My point is, that the best defense a Theist can take to Dawkins' mathematical info-theory argument, is to abandon some of their dogmatic points about God and the organisations that humans have built up around him. This would result in an infinitely less rules-lawyer-y approach to spirituality****, and make them essentially immune to arguments from the likes of Dawkins. For example, the Dune books provide a good example of what an omniscient being would need to look like for their existence not to violate human free will. Not that all spirituality needs to come from 70s science fiction, but it does provide a blueprint for thinking outside the box about this stuff.

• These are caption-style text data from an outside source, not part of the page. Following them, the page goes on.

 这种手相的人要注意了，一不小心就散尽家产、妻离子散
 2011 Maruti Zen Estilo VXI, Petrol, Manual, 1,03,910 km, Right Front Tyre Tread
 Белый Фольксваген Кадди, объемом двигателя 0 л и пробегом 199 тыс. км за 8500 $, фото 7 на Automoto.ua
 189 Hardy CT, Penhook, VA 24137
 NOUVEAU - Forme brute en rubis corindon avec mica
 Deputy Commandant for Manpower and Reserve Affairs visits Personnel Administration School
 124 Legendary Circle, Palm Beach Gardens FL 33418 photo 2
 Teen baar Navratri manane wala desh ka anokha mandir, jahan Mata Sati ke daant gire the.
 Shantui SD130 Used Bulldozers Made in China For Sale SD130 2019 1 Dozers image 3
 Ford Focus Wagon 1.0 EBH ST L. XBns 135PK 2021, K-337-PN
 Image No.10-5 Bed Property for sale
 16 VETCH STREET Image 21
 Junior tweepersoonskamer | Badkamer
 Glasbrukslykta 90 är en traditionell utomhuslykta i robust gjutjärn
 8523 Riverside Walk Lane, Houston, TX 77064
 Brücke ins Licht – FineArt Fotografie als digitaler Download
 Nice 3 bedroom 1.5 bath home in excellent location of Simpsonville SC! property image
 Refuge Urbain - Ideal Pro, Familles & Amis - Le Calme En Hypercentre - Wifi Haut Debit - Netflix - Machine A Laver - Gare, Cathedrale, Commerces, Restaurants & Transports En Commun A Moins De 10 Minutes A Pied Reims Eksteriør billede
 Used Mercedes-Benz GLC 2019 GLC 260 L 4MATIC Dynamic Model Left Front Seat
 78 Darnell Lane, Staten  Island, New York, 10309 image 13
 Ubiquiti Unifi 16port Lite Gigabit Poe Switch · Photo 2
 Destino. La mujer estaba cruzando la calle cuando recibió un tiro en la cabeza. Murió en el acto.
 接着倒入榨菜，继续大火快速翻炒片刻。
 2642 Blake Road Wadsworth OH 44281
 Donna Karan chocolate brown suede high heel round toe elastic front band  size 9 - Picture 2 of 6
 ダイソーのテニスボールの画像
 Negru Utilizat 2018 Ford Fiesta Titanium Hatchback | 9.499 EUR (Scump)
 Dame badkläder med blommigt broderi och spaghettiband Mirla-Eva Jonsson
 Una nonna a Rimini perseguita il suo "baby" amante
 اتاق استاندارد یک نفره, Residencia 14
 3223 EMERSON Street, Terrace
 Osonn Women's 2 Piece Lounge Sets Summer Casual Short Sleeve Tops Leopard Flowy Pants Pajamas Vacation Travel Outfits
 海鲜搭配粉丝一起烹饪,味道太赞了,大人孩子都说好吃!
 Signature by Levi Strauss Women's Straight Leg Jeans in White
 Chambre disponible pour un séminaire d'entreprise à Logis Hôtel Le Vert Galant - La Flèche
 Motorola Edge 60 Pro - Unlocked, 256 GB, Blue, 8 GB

The only problem with my suggestion, as far as I can see, is that by sacrificing dogma and their big Clubs O' The Saved, theists lose the ability to claim that they have a particular right to tell people what to do. And there, I suspect, lies the rub...

* I'm not going to go into it in the main text of the post, because understanding it properly requires being a maths-nerd of the kind which I am not, and because explaining it properly would cause me to ramble even more than is usually my wont. If you're interested, Richard Dawkins explains the relevant bit of information theory in more depth than I can be bothered to here.

A rough summation of his information-theory argument for the non-existence of God goes something like this:

  1. A thing's "informational content" is the amount of bits of information we'd need to make a correct guess about its existence and attributes in the absence of any other context that would explain it for us**.
    1. Therefore, the higher a thing's informational content, the less chance we have of making a correct statement about it without the addition of some provable information.
    2. There's a mathematical formula for precisely how much each bit of information reduces our uncertainty if you want to follow the link, but it's not actually necessary to understand the point of the argument.
  2. Some Theist philosophers have argued that God has an infinite informational content. This is also a potential consequence of interactions between some of the attributes traditionally ascribed to God by Theist philosophers.
  3. You have an infinitely-small (functionally zero) chance to make a correct statement as to the existence or attributes of a thing with infinite informational capacity unless you have an infinite number of bits of information about it.
  4. The possibility of God's existence (or at the very least anybody's ability to make a correct statement about God's existence or attributes) is infinitely-small - functionally zero.
** A neanderthal might find a computer pretty mystifying, but modern people have enough other contextual information for even reasonably un-computer-literate people to know that they're reasonably common in the First World at least, and have some idea of the things they can do.

*** I'm pretty sure that we only ever hear about insane applications of Shariya law in the West - honour-killings and all that madness. I don't know of any sane applications of it (and can't be bothered trawling right now) but I'm pretty sure that if they exist we won't see 'em on the News.

**** And precisely how could a more adaptive spiritual approach possibly be a bad thing? Sure, people will come up with crazy new prejudices to replace the old ones they've abandoned, but they do that with economics and politics already, so why the hell not?